Vijnanabhikshu was indeed a vaishnavite scholar.

Then why did he write a commentary on ishvara gita?

Well most of the medival-classical North India was not as secterian as some parts of South india

Furthermore the reason for vijnanabhikshu writing a commentary on ishvara geeta is because the philosophy of ishvara geeta or shaivaism is much more closer to yoga and samkhya, the schools of thought which he was trying to target.

From Wikipedia -

The Ishvara Gita (Devanagari: ईश्वर गीता, IAST: Īśvara Gītā) is a Sanskrit text composed in India. It contains the teachings of the god Shiva, also called Ishvara, and is influenced by the Samkhya and Yoga schools of Indian philosophy. Bhagavat Gita was influenced by the Shiva Gita which was much more ancient than the Bhagavat Gita. It makes up the first 11 chapters of the second section (uttara vibhaga) of the Kurma Purana.

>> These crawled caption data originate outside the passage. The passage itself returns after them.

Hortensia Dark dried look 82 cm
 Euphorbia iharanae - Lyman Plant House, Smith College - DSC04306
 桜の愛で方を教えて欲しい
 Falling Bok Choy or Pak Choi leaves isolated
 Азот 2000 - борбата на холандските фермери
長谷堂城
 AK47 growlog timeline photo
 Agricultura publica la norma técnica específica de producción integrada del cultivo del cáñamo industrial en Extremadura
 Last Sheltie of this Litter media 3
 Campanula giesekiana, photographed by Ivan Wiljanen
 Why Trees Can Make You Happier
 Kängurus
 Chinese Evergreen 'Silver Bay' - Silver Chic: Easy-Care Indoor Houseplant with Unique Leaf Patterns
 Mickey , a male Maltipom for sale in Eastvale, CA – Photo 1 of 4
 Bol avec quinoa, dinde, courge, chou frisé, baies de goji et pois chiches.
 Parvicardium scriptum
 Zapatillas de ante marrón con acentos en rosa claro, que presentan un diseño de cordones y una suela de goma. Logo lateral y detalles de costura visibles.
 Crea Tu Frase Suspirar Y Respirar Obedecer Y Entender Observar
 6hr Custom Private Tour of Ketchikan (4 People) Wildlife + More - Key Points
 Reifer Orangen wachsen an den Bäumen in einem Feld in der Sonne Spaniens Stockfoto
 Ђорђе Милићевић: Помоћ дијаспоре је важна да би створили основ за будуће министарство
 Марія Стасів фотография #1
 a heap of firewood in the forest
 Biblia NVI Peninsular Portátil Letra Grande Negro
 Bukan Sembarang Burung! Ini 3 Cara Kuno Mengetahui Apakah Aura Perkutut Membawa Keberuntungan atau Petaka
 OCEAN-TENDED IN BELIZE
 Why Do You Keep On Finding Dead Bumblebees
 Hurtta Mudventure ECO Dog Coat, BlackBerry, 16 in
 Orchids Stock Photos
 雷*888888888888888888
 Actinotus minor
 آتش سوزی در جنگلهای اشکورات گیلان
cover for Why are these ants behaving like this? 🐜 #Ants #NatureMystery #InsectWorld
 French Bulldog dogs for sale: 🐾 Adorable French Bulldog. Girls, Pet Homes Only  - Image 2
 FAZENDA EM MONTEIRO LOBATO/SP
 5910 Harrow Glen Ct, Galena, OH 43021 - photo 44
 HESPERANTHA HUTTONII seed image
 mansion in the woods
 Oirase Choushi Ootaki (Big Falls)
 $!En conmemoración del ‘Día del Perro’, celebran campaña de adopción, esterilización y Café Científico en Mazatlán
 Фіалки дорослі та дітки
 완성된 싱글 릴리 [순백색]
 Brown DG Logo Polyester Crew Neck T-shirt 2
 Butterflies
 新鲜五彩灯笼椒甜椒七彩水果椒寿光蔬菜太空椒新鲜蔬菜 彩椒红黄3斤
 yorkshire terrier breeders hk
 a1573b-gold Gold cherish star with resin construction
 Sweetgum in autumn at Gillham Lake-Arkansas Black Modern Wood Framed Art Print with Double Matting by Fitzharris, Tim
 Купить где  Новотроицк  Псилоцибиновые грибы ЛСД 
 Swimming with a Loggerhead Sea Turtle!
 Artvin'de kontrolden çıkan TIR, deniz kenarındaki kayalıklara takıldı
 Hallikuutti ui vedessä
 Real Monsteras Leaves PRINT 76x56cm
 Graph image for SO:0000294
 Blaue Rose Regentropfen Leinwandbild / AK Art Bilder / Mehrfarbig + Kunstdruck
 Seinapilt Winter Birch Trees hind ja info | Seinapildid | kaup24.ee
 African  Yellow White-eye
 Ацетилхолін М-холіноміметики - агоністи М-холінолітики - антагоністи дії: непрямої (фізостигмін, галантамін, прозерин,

Just like samkhya and yoga, shaivaism and philosophy of ishvara geeta also says that purusha-prakriti are distinct. You realize your soul as distinct from your body! God is only efficient cause of the universe.

Why did he think that yoga and samkhya have relation with vedanta? Well because Lord Krishna praises yoga and samkhya but the thought is more in relation to vedanta, in vedanta the purusha and prakriti is both brahman, God is both efficient and material cause of universe.

you use restricted yoga and samkhya to realize that you are not the body but soul, and you do niskam yoga, but you have to realize that this prakriti is brahman too.

Ishvara gita doesn't downplay the authority of bhagvat geeta as both are in line with different philosophy.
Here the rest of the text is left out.